[Data to use — start]

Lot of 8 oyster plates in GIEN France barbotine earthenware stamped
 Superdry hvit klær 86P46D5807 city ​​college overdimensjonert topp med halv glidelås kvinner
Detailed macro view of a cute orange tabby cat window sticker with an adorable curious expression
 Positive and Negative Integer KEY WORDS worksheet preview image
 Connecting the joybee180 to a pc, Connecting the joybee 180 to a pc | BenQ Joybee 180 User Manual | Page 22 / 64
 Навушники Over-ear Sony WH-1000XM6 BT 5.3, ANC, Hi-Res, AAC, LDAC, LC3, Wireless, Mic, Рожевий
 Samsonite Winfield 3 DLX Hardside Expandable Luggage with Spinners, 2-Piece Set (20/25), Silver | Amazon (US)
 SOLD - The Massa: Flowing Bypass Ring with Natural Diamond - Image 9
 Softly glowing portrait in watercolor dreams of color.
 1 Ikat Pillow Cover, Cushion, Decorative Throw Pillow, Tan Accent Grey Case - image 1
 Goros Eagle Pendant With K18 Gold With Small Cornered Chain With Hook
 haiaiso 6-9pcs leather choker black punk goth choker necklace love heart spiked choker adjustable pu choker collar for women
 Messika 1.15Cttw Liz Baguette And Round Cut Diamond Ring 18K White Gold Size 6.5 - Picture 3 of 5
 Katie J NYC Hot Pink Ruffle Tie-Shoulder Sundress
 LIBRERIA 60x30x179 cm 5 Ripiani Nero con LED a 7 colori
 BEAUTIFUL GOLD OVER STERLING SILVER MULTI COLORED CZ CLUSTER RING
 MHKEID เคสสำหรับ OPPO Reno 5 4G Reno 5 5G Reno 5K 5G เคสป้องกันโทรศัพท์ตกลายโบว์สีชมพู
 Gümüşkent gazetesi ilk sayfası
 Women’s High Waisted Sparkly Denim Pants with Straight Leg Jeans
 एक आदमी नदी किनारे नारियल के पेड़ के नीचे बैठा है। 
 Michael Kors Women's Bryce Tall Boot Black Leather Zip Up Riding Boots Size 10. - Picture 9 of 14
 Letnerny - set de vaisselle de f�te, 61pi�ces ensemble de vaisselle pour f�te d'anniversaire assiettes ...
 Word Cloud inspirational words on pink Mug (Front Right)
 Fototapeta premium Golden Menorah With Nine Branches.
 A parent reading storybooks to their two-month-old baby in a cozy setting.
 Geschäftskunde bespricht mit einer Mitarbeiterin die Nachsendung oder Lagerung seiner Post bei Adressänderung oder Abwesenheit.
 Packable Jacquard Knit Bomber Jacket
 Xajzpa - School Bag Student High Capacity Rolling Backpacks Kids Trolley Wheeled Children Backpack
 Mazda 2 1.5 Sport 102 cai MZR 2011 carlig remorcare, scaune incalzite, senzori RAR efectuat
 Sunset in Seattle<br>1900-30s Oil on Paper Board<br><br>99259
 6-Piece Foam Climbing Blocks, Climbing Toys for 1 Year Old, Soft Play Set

[Data to use — finish]

Task to complete: Repeat, exactly and only, the lines above from the one containing "Sunset in Seattle<br>1900-30s" through the end of the material.

Final answer:
 Sunset in Seattle<br>1900-30s Oil on Paper Board<br><br>99259
 6-Piece Foam Climbing Blocks, Climbing Toys for 1 Year Old, Soft Play Set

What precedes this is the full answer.